Tanto a Mediação, como a Arbitragem, a Conciliação e a Negociação estão insertas no sistema que se convencionou chamar de não adversarial, que têm em mira preservar o bom relacionamento entre as partes, tratando os conflitos entre elas como eventos episódicos, não necessariamente negativos ou disfuncionais.

Representam fatos da vida e ocorrem, por exemplo, quando pessoas ou entidades estão envolvidas em competição para o atingimento de metas, à primeira vista incompatíveis, ou quando entram em divergências ou, simplesmente, quando não puderam cumprir o pacto, no tempo e pelo modo convencionados.

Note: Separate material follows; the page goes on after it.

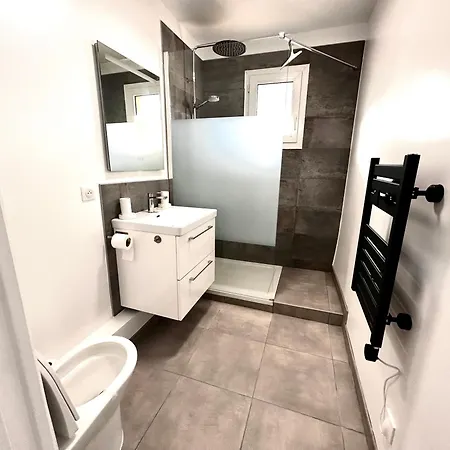 アパート Superbe Climatise Avec Terrasse Proche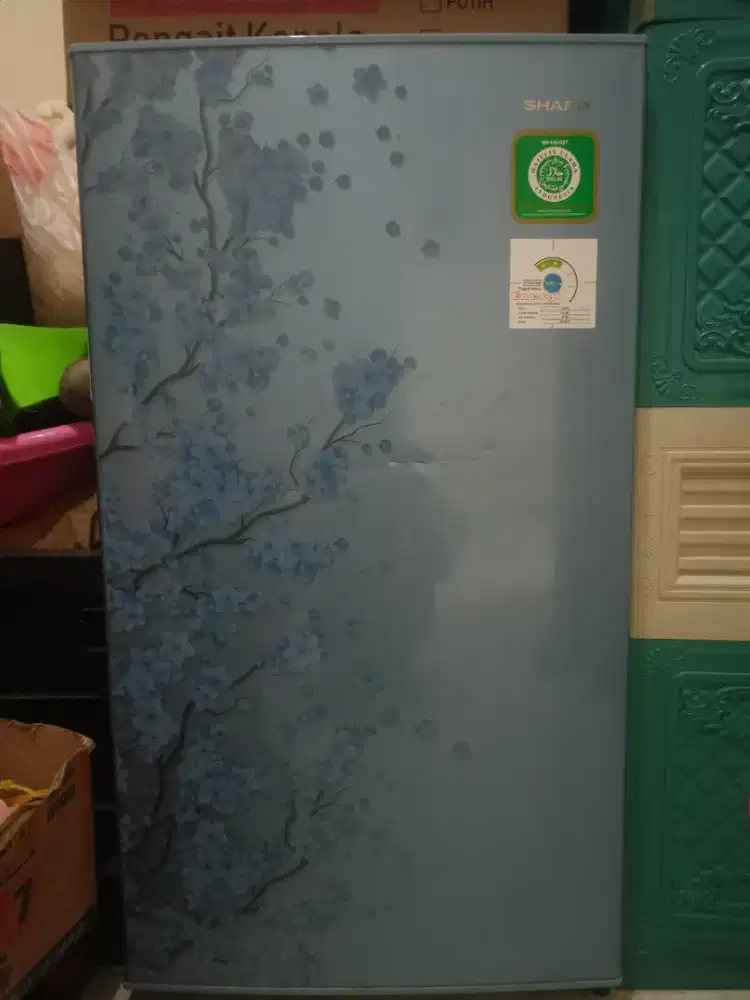 DIJUAL CEPAT KULKAS 1PINTU SHARP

No sistema não adversarial, como o próprio nome indica, não há adversários, muito menos perdedores, ou ganhadores em uma disputa, contrariamente às pendengas judiciais, em que o perdedor, condenado pelo juiz estatal, sucumbe ao ganhador da demanda, guardando certo ódio ou, ao menos, grande ressentimento para o resto da vida.

Mediação

Caracteriza-se a Mediação pela eleição de um terceiro, o mediador, para ajudar na solução de um conflito, cuja função será apenas a de um facilitador, para que as partes cheguem a uma solução em face do impasse surgido.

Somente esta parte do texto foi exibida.